» WHAT IS NEEDED
When you reach the line in the data below that contains "Ben and Lauren", please start repeating lines exactly, and stop after the line that contains "FUN ON TWO WHEELS", repeating nothing else.

» SUPPLIED DATA
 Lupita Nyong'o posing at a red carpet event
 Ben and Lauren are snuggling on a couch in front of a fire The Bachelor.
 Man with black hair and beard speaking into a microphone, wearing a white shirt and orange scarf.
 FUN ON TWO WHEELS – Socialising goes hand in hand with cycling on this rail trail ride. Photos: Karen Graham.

* * *

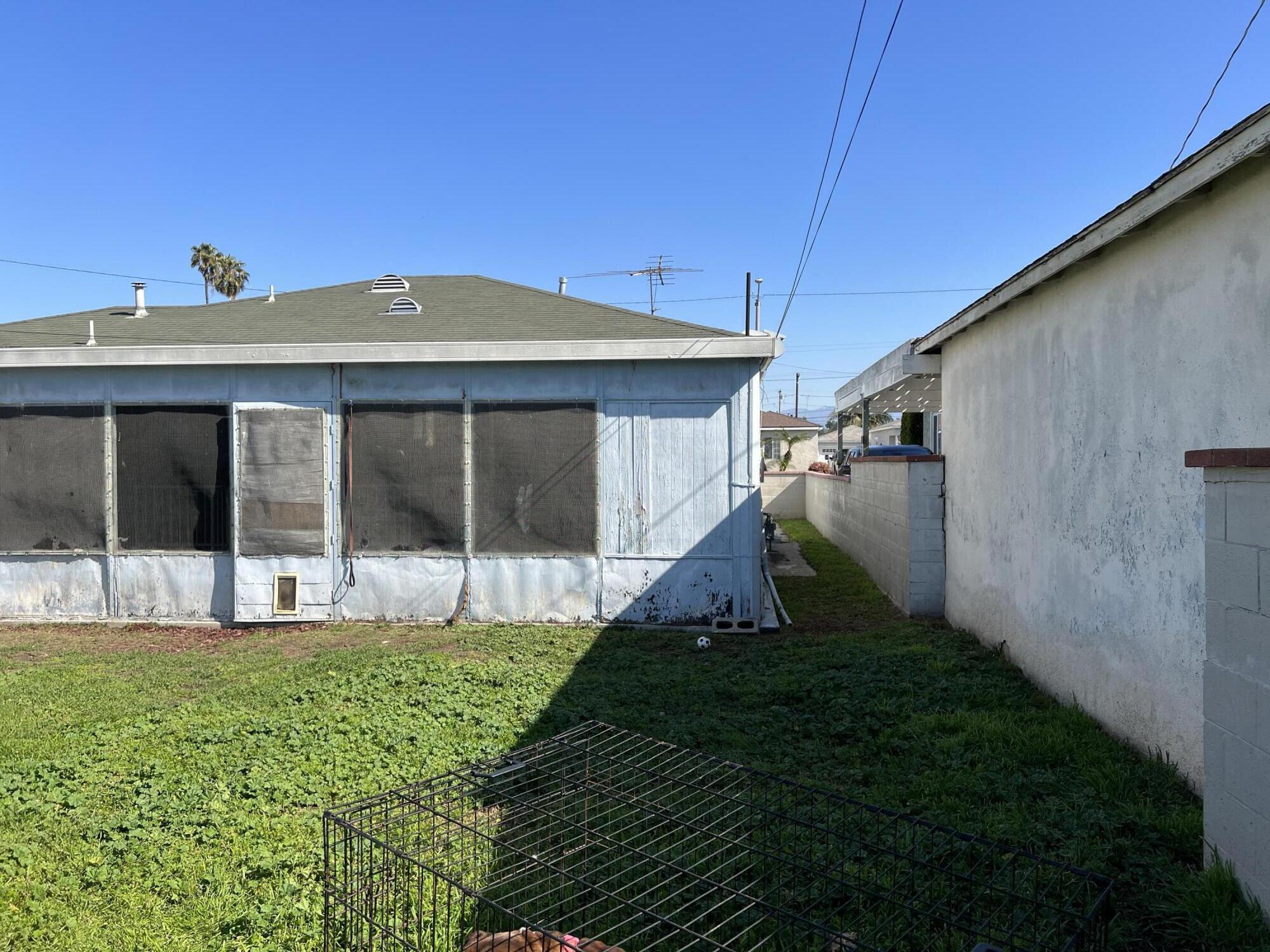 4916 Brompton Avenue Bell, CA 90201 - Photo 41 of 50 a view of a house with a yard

» FINISHED EXERCISE
 Ben and Lauren are snuggling on a couch in front of a fire The Bachelor.
 Man with black hair and beard speaking into a microphone, wearing a white shirt and orange scarf.
 FUN ON TWO WHEELS – Socialising goes hand in hand with cycling on this rail trail ride. Photos: Karen Graham.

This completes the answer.